Starting at the line with "14401 NW 67th Street, Parkville, MO 64152" and going on through the line with "程新能源商用车助力长龙航空绿色运营3.jpg", reproduce each line in the records below exactly and nothing more.

# [Input for this task]
□ □ □ □ □ □ □

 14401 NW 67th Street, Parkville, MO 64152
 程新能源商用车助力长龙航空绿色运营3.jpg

□ □ □ □ □ □ □

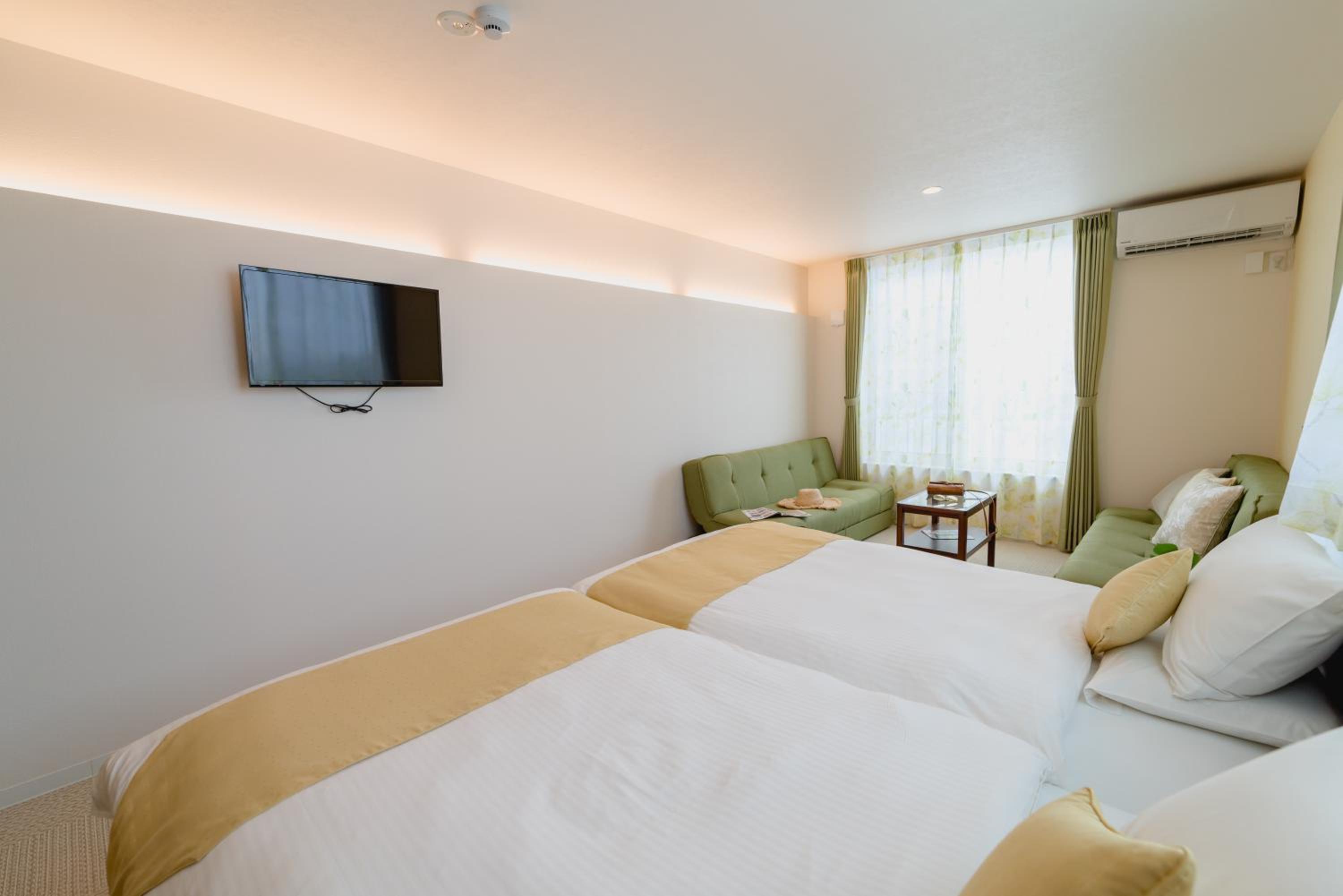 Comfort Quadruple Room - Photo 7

□ □ □ □ □ □ □

# [Solution to the problem]
 14401 NW 67th Street, Parkville, MO 64152
 程新能源商用车助力长龙航空绿色运营3.jpg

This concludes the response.